Reviewers who have shared this series with children in the nine-to-eleven range describe enthusiastic responses to both this volume and its predecessor, with some families moving immediately to the third book. That sequential engagement is the sign of a series that actually delivers on its promises rather than coasting on a successful opening.
What to Watch For in The Girl with the Dragon Heart
The darkness in this volume is real. One reviewer specifically flags that this installment is scarier than the first, and that is accurate. The fairy antagonists and the threat they pose to Silke’s city carry genuine menace. Parents of younger listeners, those under eight or nine, may want to preview the fairy-related sequences before listening together.

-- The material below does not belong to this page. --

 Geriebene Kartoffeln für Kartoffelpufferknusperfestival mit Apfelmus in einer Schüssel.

This is not graphic, but it goes to emotionally uncomfortable places.
Because this is book two of a series, it assumes familiarity with Aventurine’s story and the basic world of Drachensburg. The Chocolate Heart, the Charter of Drachensburg, and the nature of dragons-who-were-transformed are not fully re-explained. Starting with The Dragon with the Chocolate Heart first is strongly recommended.

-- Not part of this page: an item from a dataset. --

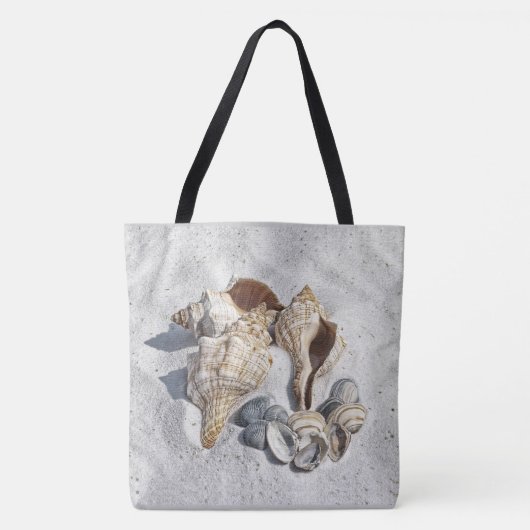 Elke reeks schelpen op het zand tote bag (Voorkant)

Who Should Listen to The Girl with the Dragon Heart
Readers who have listened to or read The Dragon with the Chocolate Heart and want to continue the series. Children aged nine through twelve who enjoy stories about clever protagonists, magic, and political intrigue pitched at an accessible level. Anyone who responds to storytelling-as-power as a theme, the idea that narrative is a form of agency and not mere decoration, will find Silke’s arc specifically rewarding. Not recommended as a series entry point, and not for younger sensitive listeners given the darker tone.

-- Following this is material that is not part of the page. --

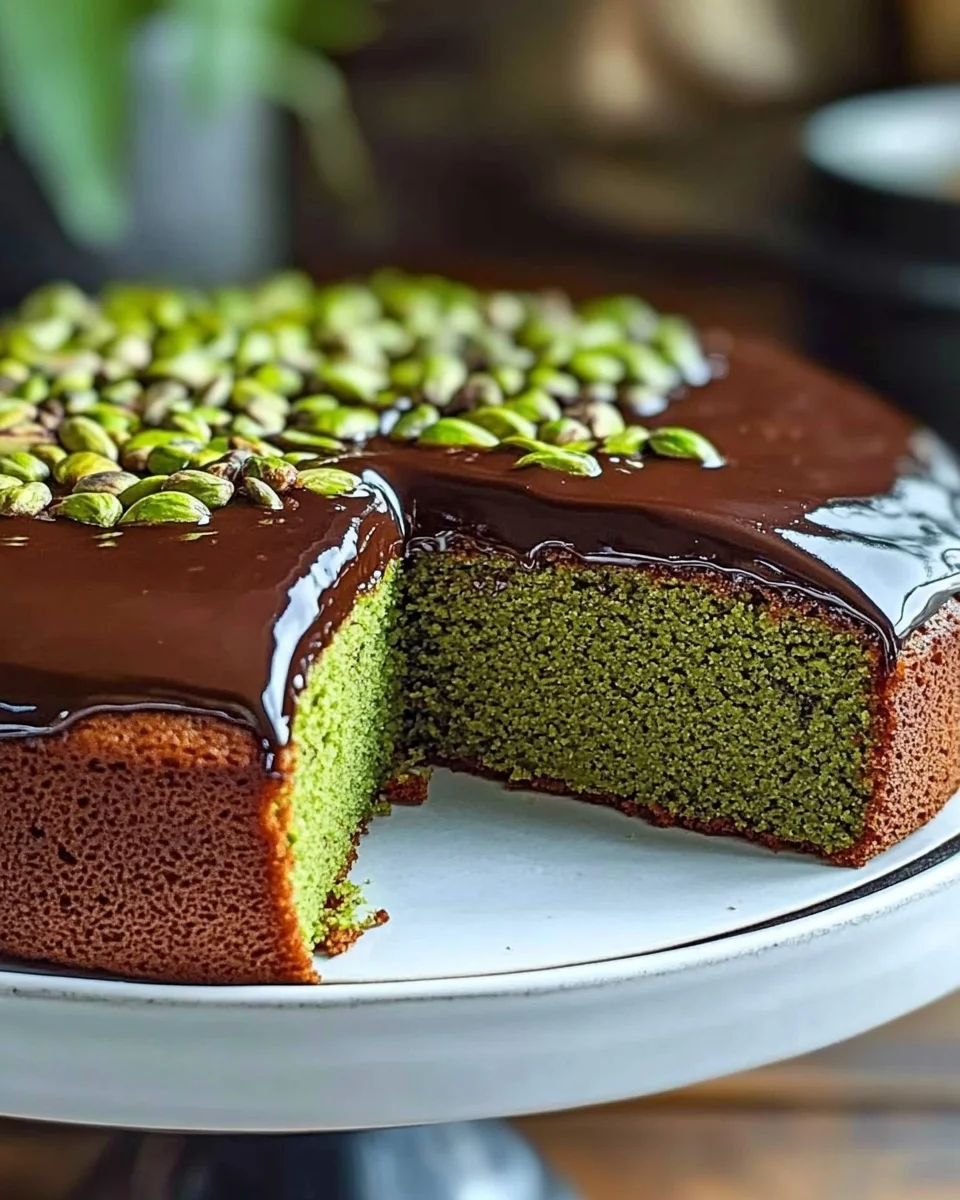 Flourless Pistachio Cake with Chocolate Ganache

Frequently Asked Questions
Does The Girl with the Dragon Heart work if you missed The Dragon with the Chocolate Heart?
Not ideally. Silke was a supporting character in the first book, and her relationship with Aventurine, the world of Drachensburg, and several plot elements that factor into this volume are established in the first book. Reading or listening to that one first makes the emotional stakes of this sequel considerably clearer.
Is Aventurine the dragon still a significant presence in this book, or is she largely absent?
Aventurine appears but is not the focus. The spotlight is firmly on Silke. Readers who fell in love specifically with Aventurine as a protagonist may find the shift jarring initially, though reviewers who were initially worried about this report that Silke earns her place at the center.
How does Sisi Aisha Johnson differentiate Silke from Aventurine in her narration?
Johnson gives Silke a more calculating, story-aware vocal quality compared to Aventurine’s blunter directness. The narrative voice in this volume is more layered, which Johnson handles by adding a slight performative quality to Silke’s perspective, reflecting the character’s habit of framing everything as a story.
Is this series complete, and how many books are there?
The Dragon Heart series runs at least three books, with The Princess Who Flew with Dragons as the third installment. The series appears to continue the expanded cast approach of this second volume.